I grew up with Harry Potter, in a lot of ways I spent more time in the wizarding world than I ever did in the real world. Those books taught me a lot of things and will never really leave me. Which, to someone that doesn't quite get it because they're a children's series and I'm a grown man now, makes absolutely no sense. But there are good lessons in there, important lessons. Without those books, I would be a very different man. Because it's that imaginary world which taught me about love and friendships which go far beyond family and doing what's right instead of what's easy.
Perhaps most of all the books are, to me, a way of coping with loss. They get called a children's series, and perhaps the first three are, but the rest of the series is a veritable bloodbath. No other children's story wipes out so many of its characters. And yet you carry on, because the ones who love us never really leave us. And because there's really nothing to fear in death.

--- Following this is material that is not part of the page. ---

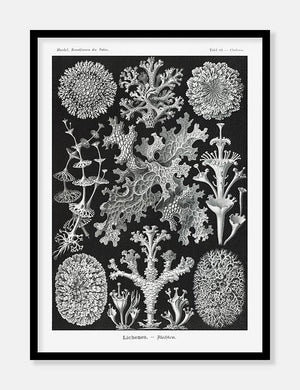 tang  |  ERNST HAECKEL - decoARTE
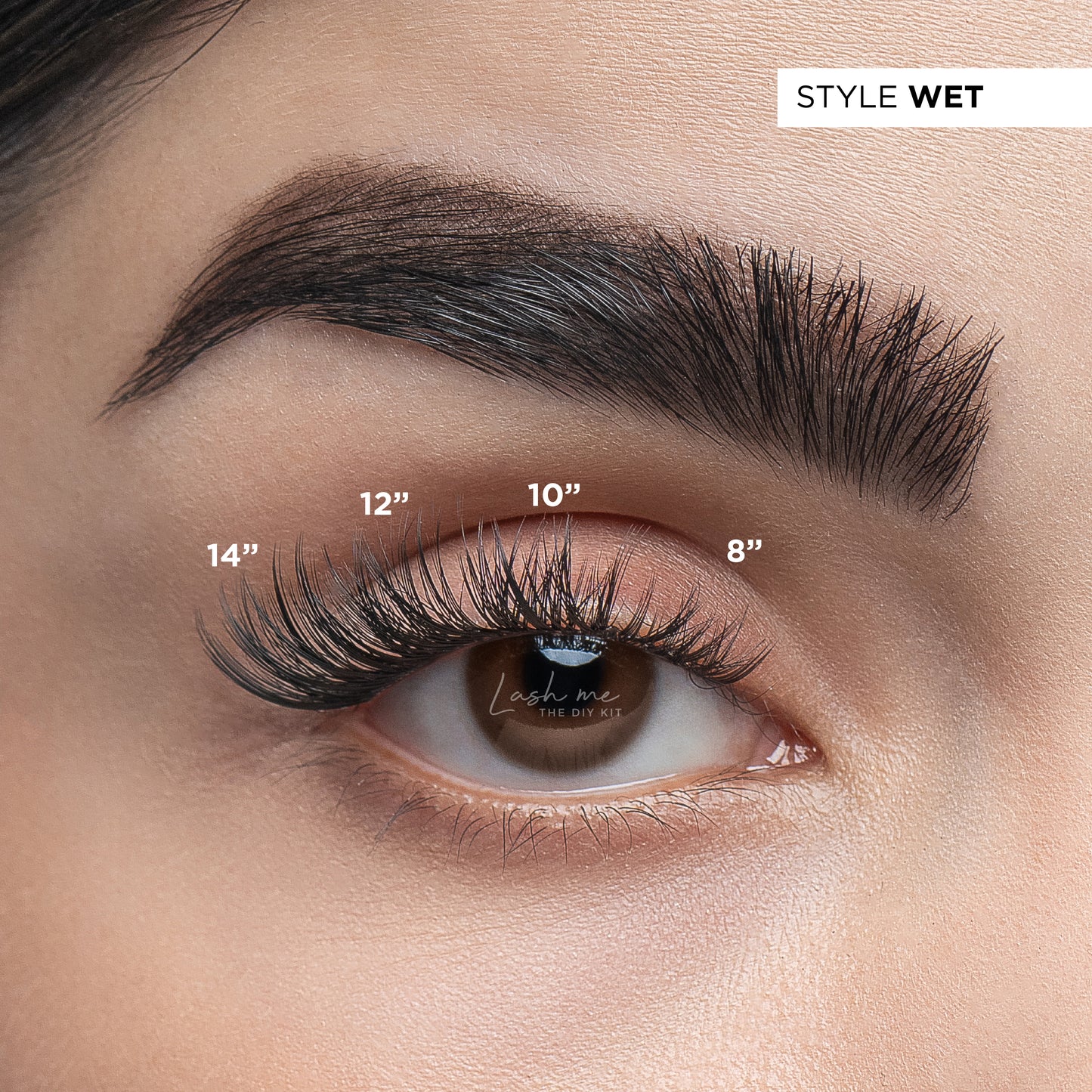 Lash me. The DIY Kit Wet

My wife was a Harry Potter nut. The majority of my generation is, actually. I expect the midnight showing will be packed with adults, rather than children, and I anticipate a lot of crying. I watched every film with her, the last three at the midnight showing, with her wearing the same nerdy t-shirt. She refused to read the last book for months, almost a year she held out without reading any spoilers, without even lifting the cover, because she didn't want it to be over. Needless to say, when we moved to Thailand we took six books with us, just six. And those are the copies I've been re-reading over the last fortnight; frequently dotted with splashes of ginger tea or a flattened mosquito, bookmarked with Khmer newspaper clippings and with her scratchy pencilled notes in the margin. Inside the cover of the Deathly Hallows she's written today's date in stark, excited pencil and surrounded it with a countdown of the months. She arranged my annual summer vacation around the release of this movie and warned me that she would be seeing it often, maybe daily for a week or so.

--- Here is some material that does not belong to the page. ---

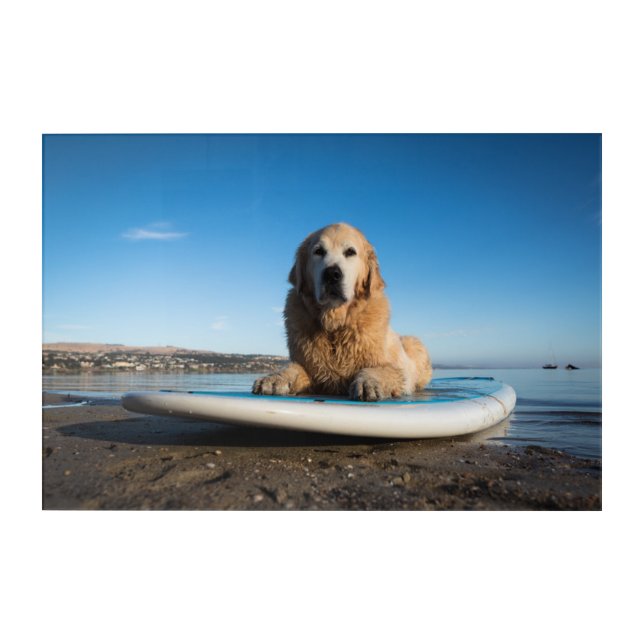 Golden Retriever Dog  Laying On A Paddle Board Acrylic Print (Front)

I've thought a lot about this movie, and what it means. It's the end of a saga I've been wrapped up in since I was thirteen. Half my life has been tied up in these novels, these movies. J K Rowling said at the premiere last week that Hogwarts will always be there to welcome you home. Which sounds a little trite, a little unbelievable if you're not a bit of a Harry Potter nerd. It's true though, because the things we love never really leave us.
And because I loved her and she loved this series, and because she'll never really leave me, I'll be wearing her shirt tonight, to the midnight showing. And trying not to cry for a variety of reasons.
Wow! This is the most touching recount of the "Potter" books I've ever come across. I read them after my degree, when they reminded why I loved to read. Not disect, research, write. Just read. But this, this is quite a journey. I love reading about the power of a loved book. Not at all "riddikulus". Beautiful.